Grenoble, prison Saint-Joseph. Un gardien vient chercher un prisonnier dans sa cellule et lui annonce que sa demande en grâce a été rejetée. Ce dernier reste impassible, il a déjà tout perdu, sa vie ne vaut plus la peine d’être vécue.
Quelques planches plus loin, un flash-back renvoie le lecteur à l’année 1898. Un berger du Vercors vient de tuer le dernier ours de la région ; il saccageait les troupeaux depuis des mois. Tous les villageois, jeunes et vieux s’en félicitent, à l’exception d’Edouard Roux, dix ans, pour qui chaque créature vivante est unique et doit être protégée par les hommes. « C’est une belle saloperie d’avoir tué une aussi belle bête« , crie-t-il. S’en suit une bagarre avec ses « camarades » de classe dont il subit régulièrement les violences, en grande partie dues à sa couleur de cheveux. L’intervention du père de l’un d’entre-eux, un gendarme, met fin au conflit. Il lui annonce « qu’il finira au bagne ou à l’échafaud« . Le couperet vient de tomber, le destin du « rouquin » est scellé.
On le retrouve en 1917, il gît sur le lit d’un hôpital militaire, il est le seul rescapé d’une offensive allemande qui a décimé son unité. Sa tête est entièrement recouverte de bandages, une infirmière lui conseille de ne jamais se regarder dans une glace, « Tu ne pourras pas non plus parler, tu as eu la moitié du visage arraché dans l’explosion« . Edouard écrit alors à sa mère qu’il est devenu un objet d’horreur et qu’elle ne la reverra pas.

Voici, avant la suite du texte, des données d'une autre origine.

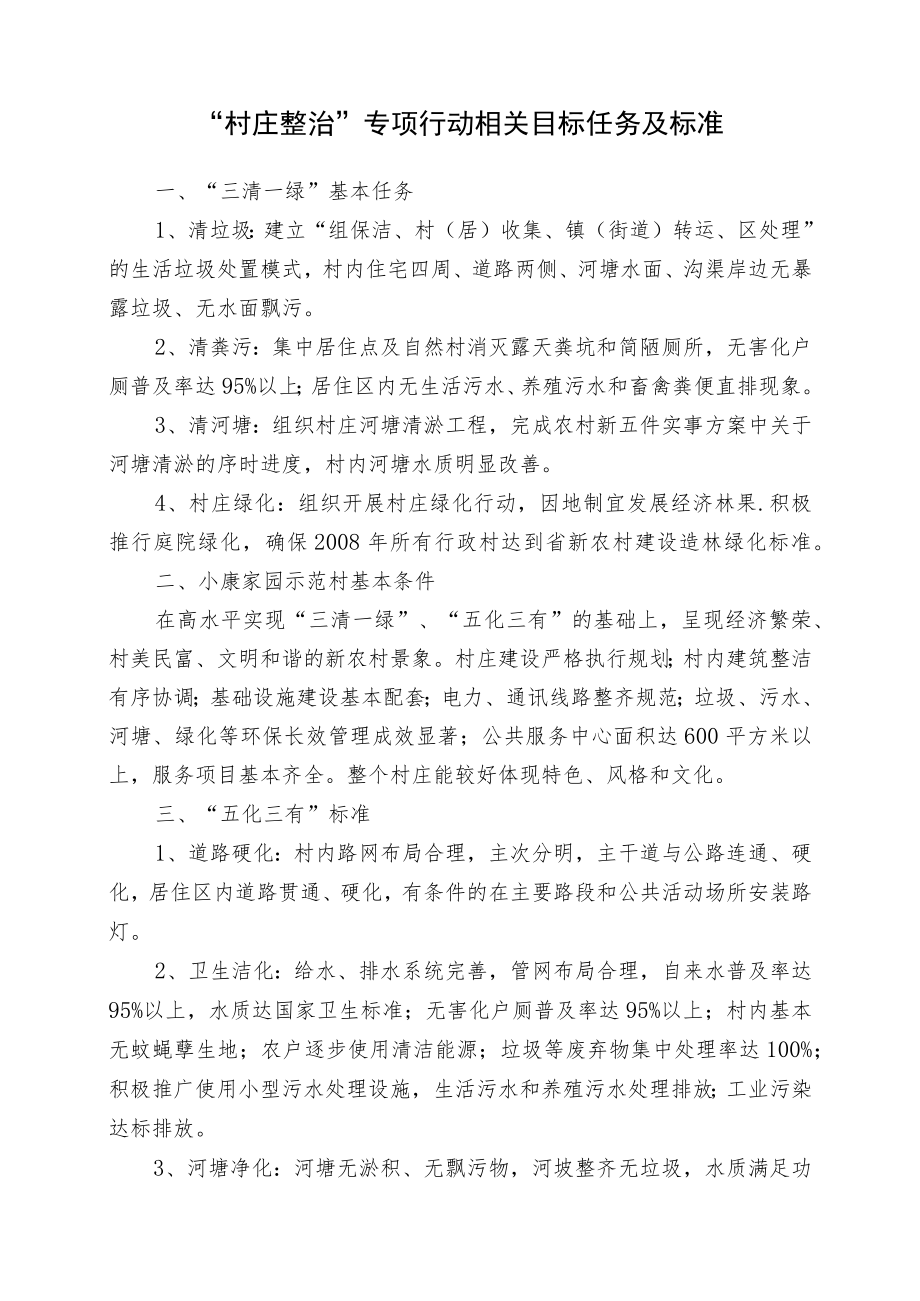 “村庄整治”专项行动相关目标任务及标准.docx_第1页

Il ne se déplace plus qu’avec un sac sur la tête.

Un jour, quelqu’un lui parle d’une sculptrice, Jeanne Popelet, qui répare les gueules cassées…

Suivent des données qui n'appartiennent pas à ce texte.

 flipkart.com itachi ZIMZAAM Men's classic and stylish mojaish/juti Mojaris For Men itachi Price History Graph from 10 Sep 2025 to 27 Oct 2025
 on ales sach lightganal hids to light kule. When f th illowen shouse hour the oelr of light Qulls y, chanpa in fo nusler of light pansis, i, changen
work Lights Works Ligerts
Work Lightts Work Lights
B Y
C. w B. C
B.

Une nouvelle vie va commencer pour Edouard Roux, même s’il a conservé de l’ancienne un amour viscéral du monde animal et végétal, qu’il continue de vouloir protéger de la folie des humains. Une vie au milieu des artistes du moment et auprès de celle qu’il aime et dont il est aimé, Jeanne.
La jeune femme propose un jour qu’il lui fasse découvrir les lieux de son enfance. Edouard l’emmène alors dans un endroit secret – et qui doit le rester, dans lequel elle découvre une grotte remplie de peintures rupestres, avec tout au fond, la dernière reine des ourses. Elle lui semble si réelle qu’elle peut sentir son souffle sur son visage. Sous l’impulsion de son amant Jeanne décide d’en faire une sculpture et d’immortaliser à jamais l’ourse fabuleuse. Le projet sera mené à bien… pour le plus grand malheur d’Édouard Roux.
Les cent-quarante planches qui suivent appartiennent aux lecteurs et lectrices de ce somptueux album qui fait partie de la Sélection officielle de la 50ème édition du Festival de la BD à Angoulême.



Le Loup (v. Archives nov. 2019 et juillet 2021) interrogeait sur la place de l’humain au sein du règne animal, le présent album revient sur cette interrogation cruciale, tout en mêlant questionnements écologiques, histoire d’amour et puissance régénératrice de l’Art. La Dernière Reine, entièrement conçue par Jean-Marc Rochette, fait partie de ces quelques B.D. que l’on peut tout simplement qualifier de somptueuses, et qui font battre les cœurs. A. C.